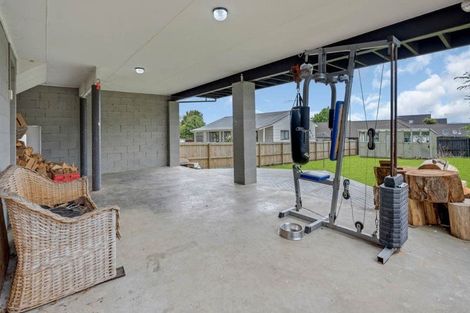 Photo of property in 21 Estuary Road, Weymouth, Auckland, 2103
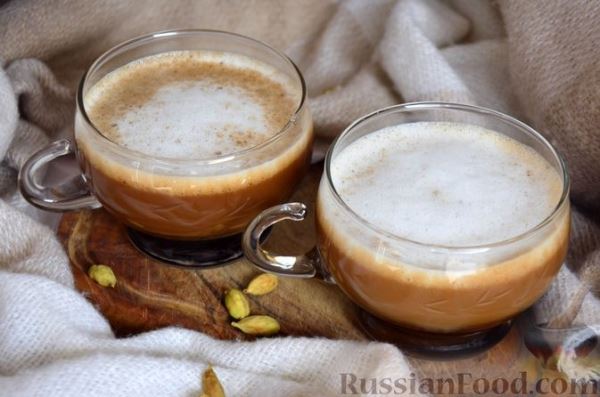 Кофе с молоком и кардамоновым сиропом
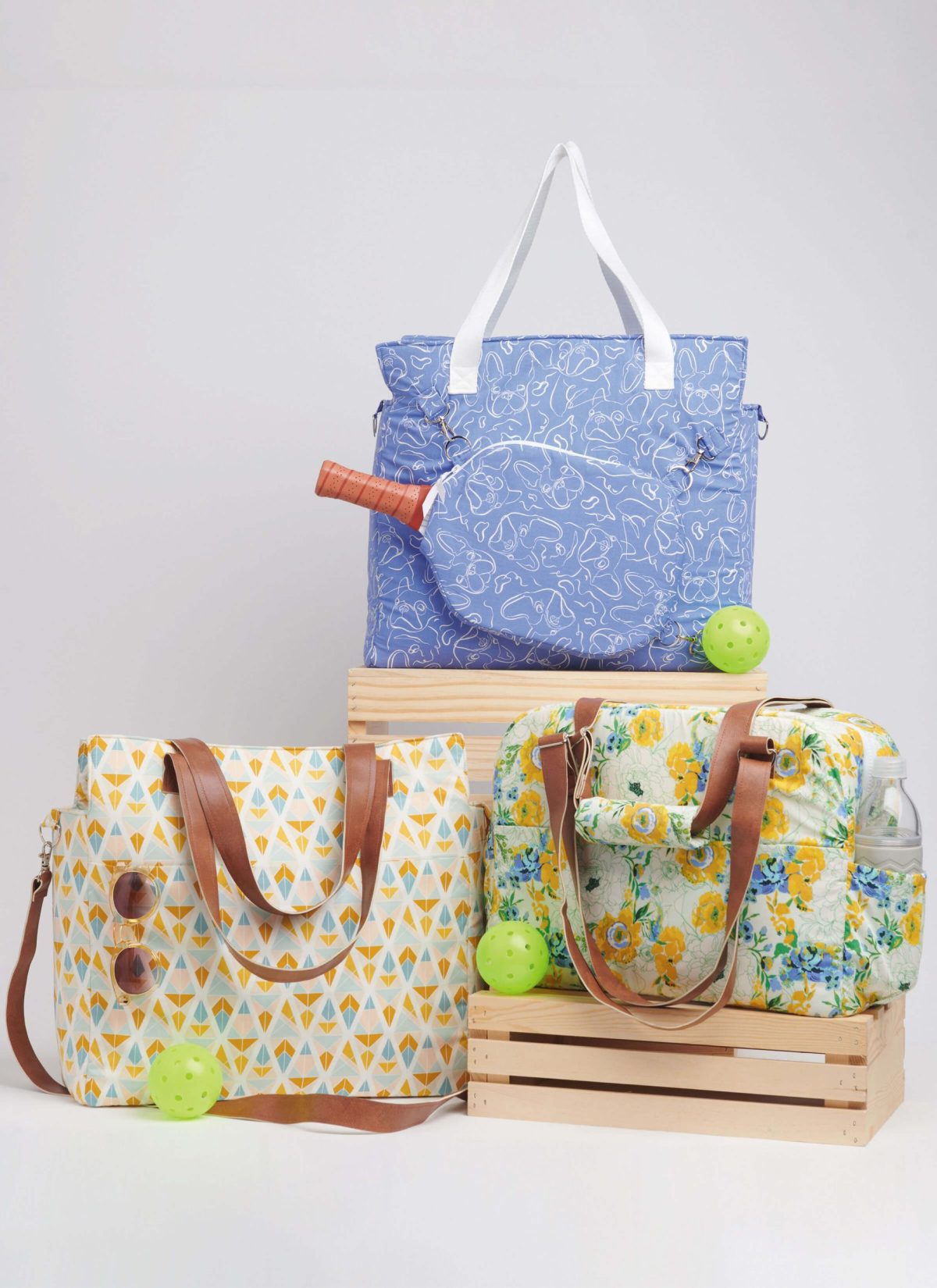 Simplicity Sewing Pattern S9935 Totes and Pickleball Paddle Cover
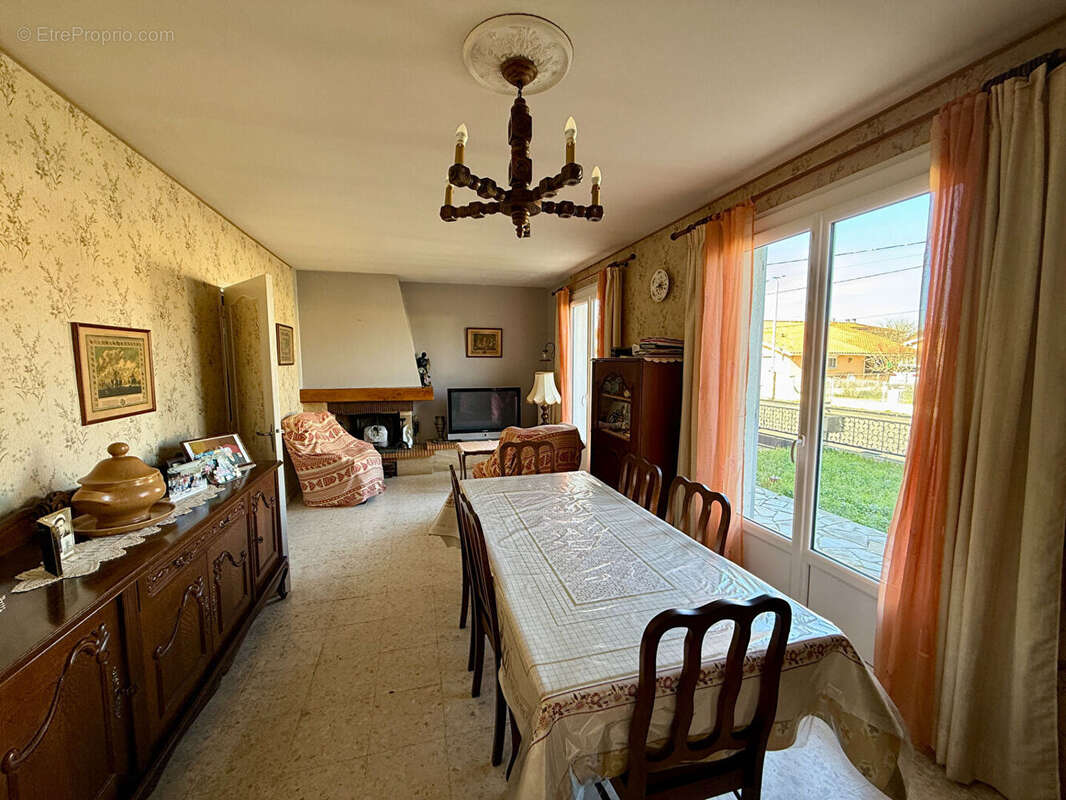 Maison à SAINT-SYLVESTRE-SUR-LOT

::::::::

» Task item:
Go through the material above and retype every line exactly, without the images.

» Solution to this exercise:
 Photo of property in 21 Estuary Road, Weymouth, Auckland, 2103
 Кофе с молоком и кардамоновым сиропом
 Simplicity Sewing Pattern S9935 Totes and Pickleball Paddle Cover
 Maison à SAINT-SYLVESTRE-SUR-LOT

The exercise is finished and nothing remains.